You see, we started as an informal gathering place for technologists from a variety of industries and company types. These were the days before many workspaces existed to facilitate such get-togethers; we did it because we were entrepreneurs ourselves, and it just made sense to help people get together for a few beers, and share their ideas about fixing problems and grabbing opportunities.
Over time, the conversations got more serious, as folks started trading jobs, or quitting them outright so they could start new companies. People wanted someplace to work, so we rented more space across from Willis Tower. As word spread of the opportunity we offered to folks who wanted to incubate their business ideas with the help and mentorship of others, more people rented offices, or bought a “key” to what we called our “clubhouse.”
Eventually, 178 companies were born or grew there, raising $225 million while on the floor and creating thousands of paying jobs. A new industry of tech-focused companies emerged in our state, so we created an association to represent them — the Illinois Technology Association — which now boasts 700 members (one of our founders runs it).

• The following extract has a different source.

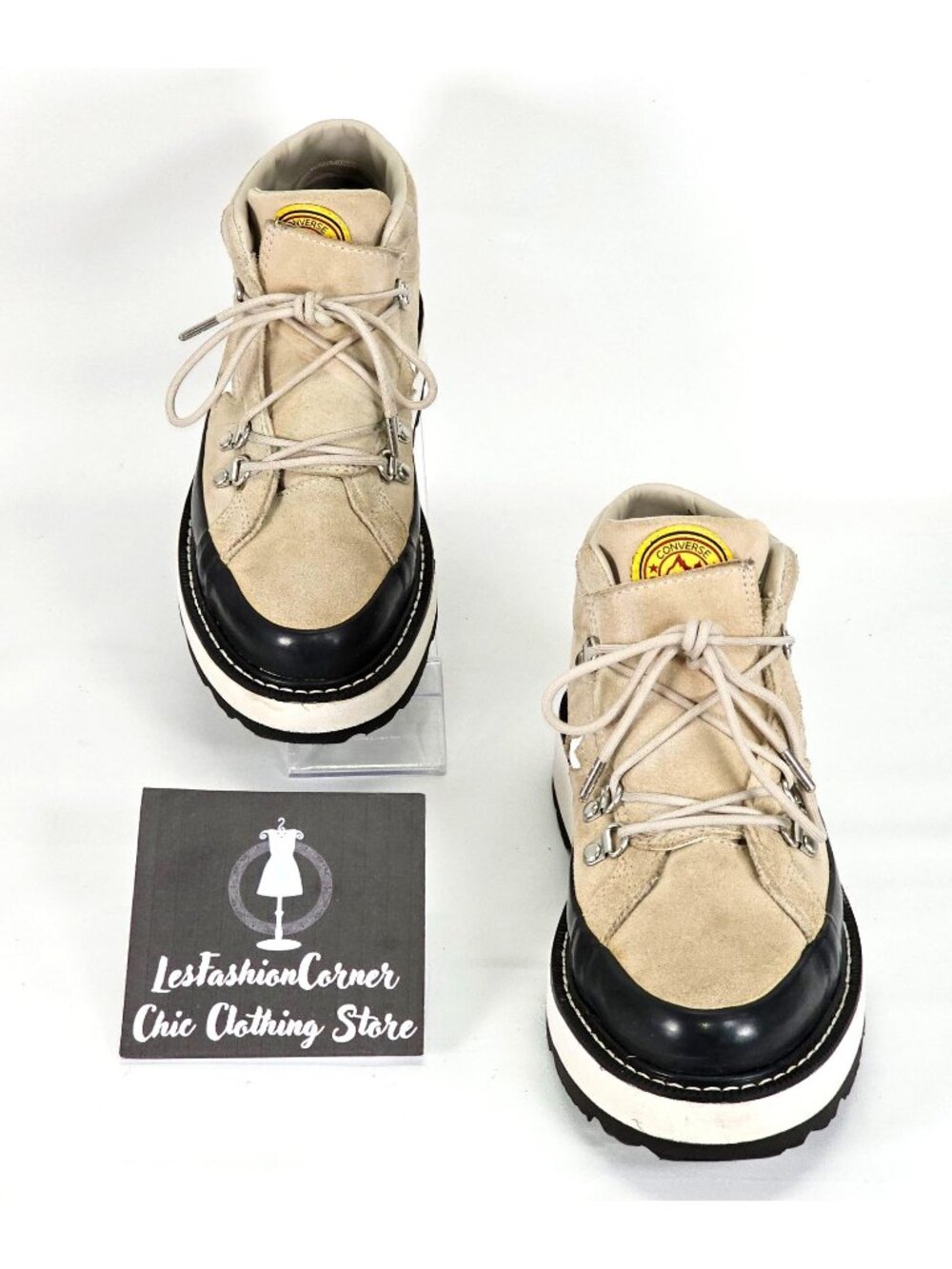 Converse Women's Beige Fleece Lined One Star Boot Sneakers Shoes Size 7.5 1962 - Picture 3 of 16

“Shopping” for innovation rarely works. Entrepreneurs don’t often have visibility into the real problems businesses need to fix. Established companies’ concerns about IP, investment and project management make it hard for them to be agile enough to succeed. The likelihood that an incubator or accelerator can “sell” a truly strategic and successful solution within this context is low, at best. The process of shopping their offerings is downright medieval.
And, all the while, technology disruption comes faster, easier and at a lower cost than ever before, and entire industries are being redefined by entrepreneurs and engineers operating “outside” the Innovation Status Quo. There are endless players in the space now — especially incubators and accelerators dependent on government funding or integrated into academic institutions — and yet the innovation challenge for most American businesses remains unmet.
Our approach to solving this challenge is distinctly private sector, because that’s where we’ve always worked and lived. We offer proven approaches and tools for established companies and entrepreneurs to align on shared goals and outcomes. Then, we use the latest technologies and resources to deliver on an old idea: Generate revenue. We don’t make money unless our clients make money by selling things better, faster, more often, and more profitably.